Homma also fought for Asian-Canadian suffrage. Because he was denied the right to vote because of his ethnicity, Homma took the province of British Columbia to court. Homma was successful at the County Court and the Supreme Court of British Columbia, which held that he was entitled to vote.

The government of British Columbia then appealed the case to the imperial Judicial Committee of the Privy Council in Britain, which at that time was the highest court in the Canadian legal system. The federal government intervened in support of Homma, arguing that as a naturalised Canadian, federal law ensured he could vote in all elections, the same as native-born Canadians.

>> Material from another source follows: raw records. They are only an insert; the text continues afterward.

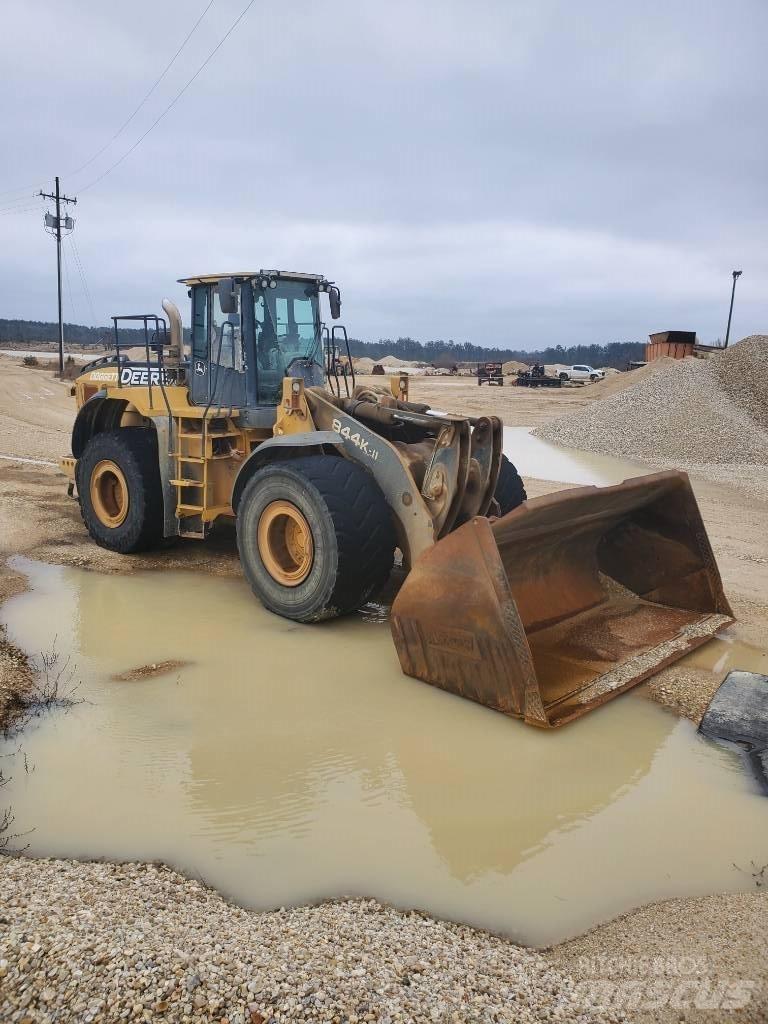 John Deere 844 K Rataslaadurid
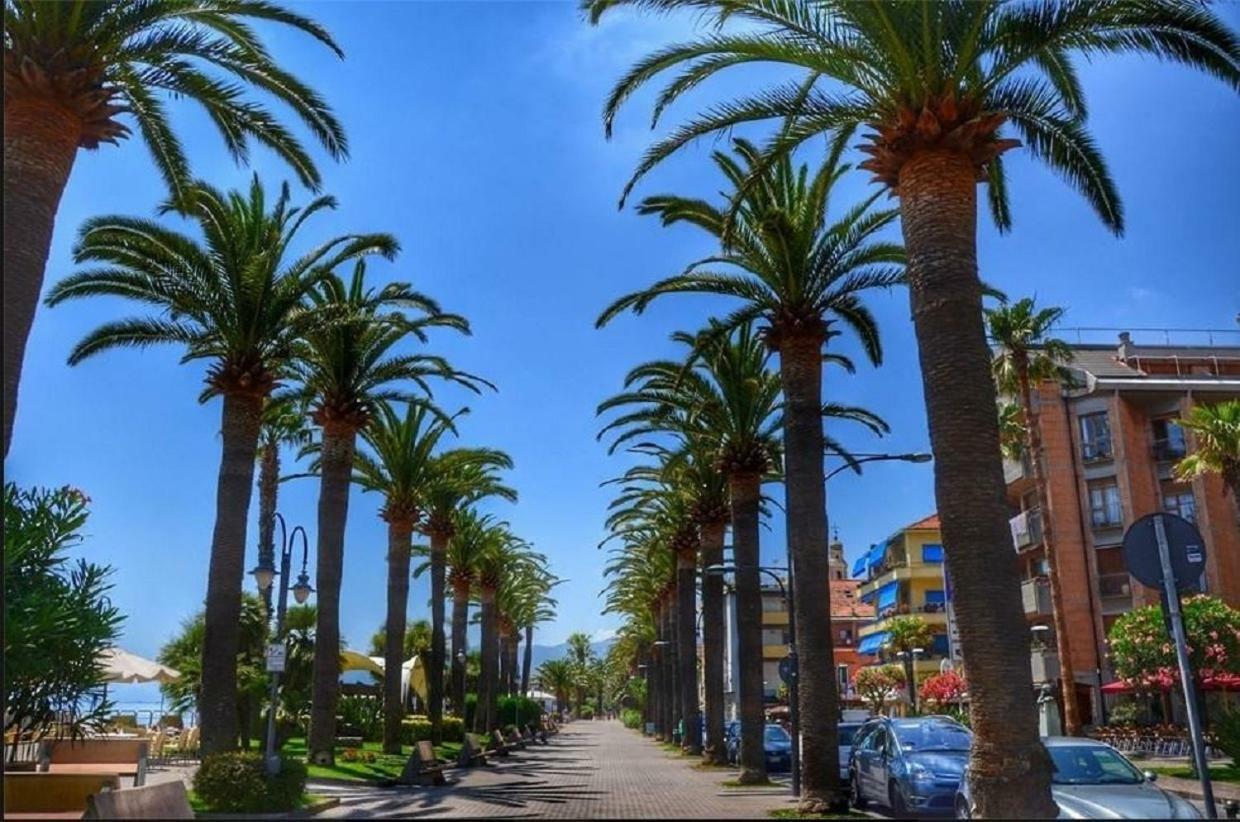 Hotel La Milanese Pietra Ligure Exterior photo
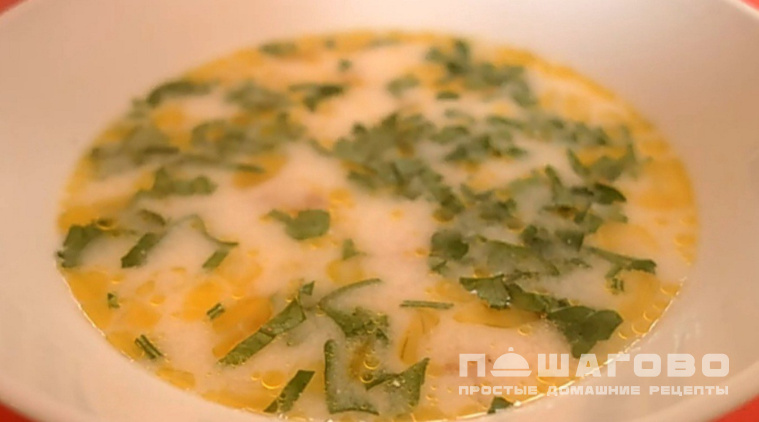 Суп с сыром и яйцом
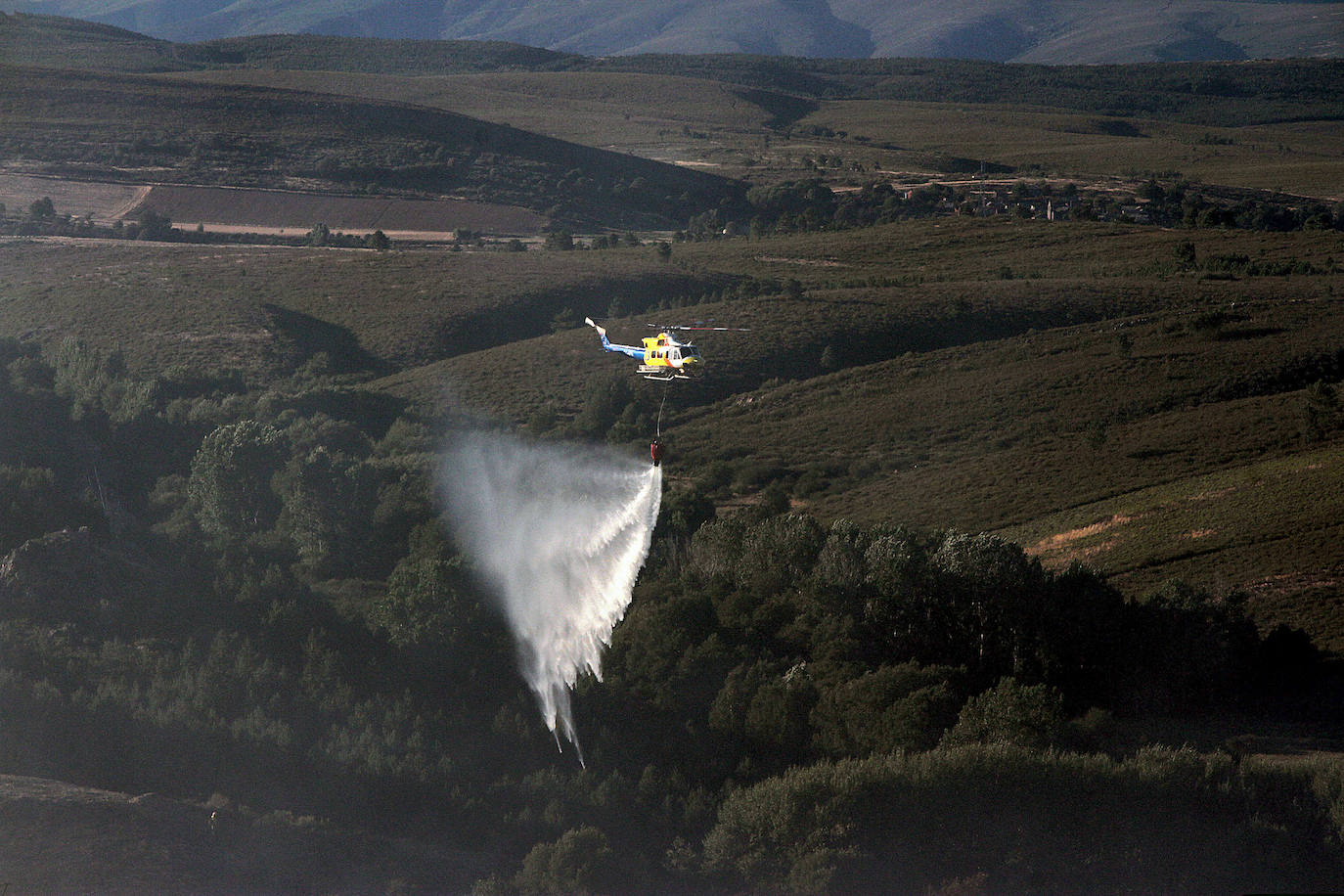 Fotos: Incendio en Porqueros de Cepeda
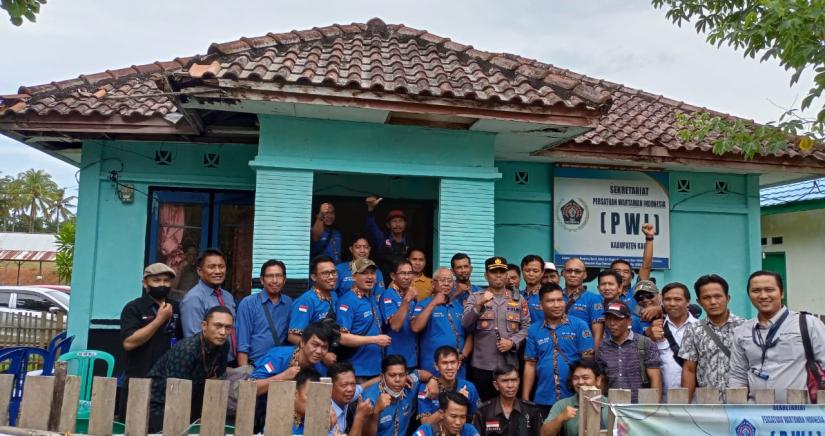 Gambar, Poto Bersama Pengurus PWI Kaur Dan Anggota PWI Kaur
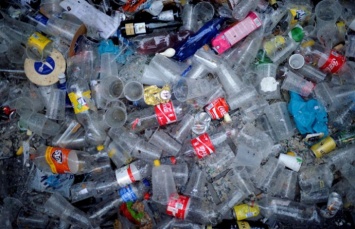 Coca-Cola, Roshen и PepsiCo: активисты назвали топ-10 брендов в Украине, которые загрязняют окружающую среду пластиком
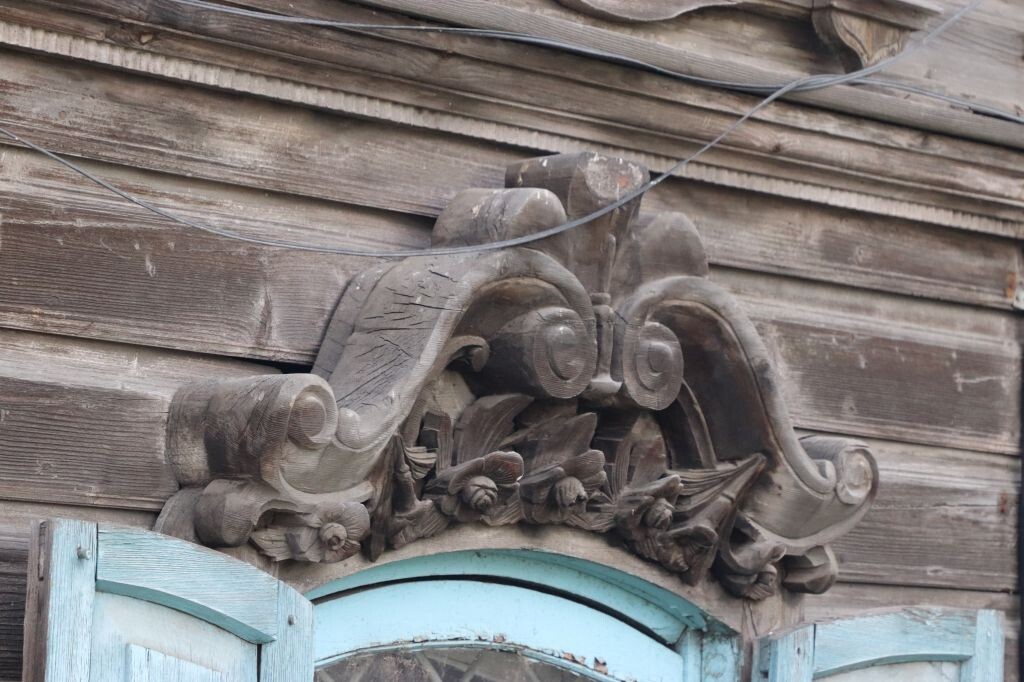     Дом Власа Рыбакова. Резьба выполнена мастерами иконостасной мастерской Архипа Борзенкова..Елена Коржева, "БР"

In 1902, the Judicial Committee ruled against Homma, in its decision in Cunningham v Homma. The Judicial Committee determined that while the federal government was responsible for the naturalisation of citizens, the provinces had the right to legislate who could vote in provincial and municipal elections. Asian Canadians would not garner the right to vote until 1949, four years after Homma died.

== Internment and death ==

Homma was one of the many Japanese-Canadians interned during World War II. He died in a detention camp near Slocan, British Columbia.

== Recognition ==

Parks Canada has designated Homma's court case as being of National Historical Significance. In recognition of his contribution to the democratic system, in December 2017 the Government of Canada, through Parks Canada, dedicated a plaque in his honour at the Nikkei National Museum and Cultural Centre in Burnaby.

Tomekichi Homma Elementary School in Richmond is named in his honour.